The proposed Ganga Act, which, if enacted, will be the first-of-its-kind legislation for river regulation in India, its aim being to bring under the Centre’s ambit the power to penalise the polluters.

The proposed Ganga Act, which, if enacted, will be the first-of-its-kind legislation for river regulation in India, its aim being to bring under the Centre’s ambit the power to penalise the polluters. A senior Water Ministry source said that the government’s inability to impose any fine or serve notices directly to polluters necessitates passing of a law to do so to arrest river pollution. The proposed Act would also give Centre an upper hand in times of inter-state disputes.

Another component that the draft Ganga Act, being worked upon by a committee, headed by Justice (Retd.) Girdhar Malviya, would have is banning of use of polythene during festive celebrations along the river. “The solid waste mismanagement is one of the major causes of river pollution,” said a source in the National Mission to Clean Ganga (NMCG), a nodal agency for implementation. The source added: “The committee may propose a ban on use of polythene and plastic, especially during festive seasons, along the 2,525-km-long stretch that the river traverses.”

As per official estimates, about 14,000 metric tonnes of solid waste is generated in five Ganga basin states, most of which goes into the river.
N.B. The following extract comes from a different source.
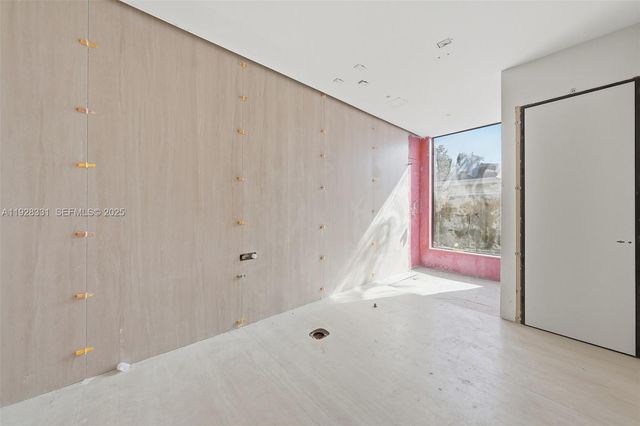 19610 NE 19th Pl, Miami, FL 33179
The draft Act is also expected to touch upon the menace of open defecation around the river that grossly deteriorates the water quality.

“Presently, the Central Pollution Control Board (CPCB) is the only authority empowered to serve notices to polluters under Section 5 of the Environment Protection Act and to impose penalties as per the existing ‘polluters’ pay’ principle; the government thus has no option but to knock on the National Green Tribunal (NGT’s) door,” said the water ministry source, adding, “With a Ganga Act, the Centre would be able to directly deal with the polluters and would also be in a position to superimpose authority on the states during disputes.” The creation of a central authority under the water ministry at par with the CPCB is also on the anvil. That is the reason, the sources added, why Union water minister Uma Bharti is pushing for speedy passage of the law for which she is even garnering support from all quarters, including ministers in her own government.

“It (creation of Ganga Act) is really complicated but it is not impossible,” Ms Bharti had said recently here.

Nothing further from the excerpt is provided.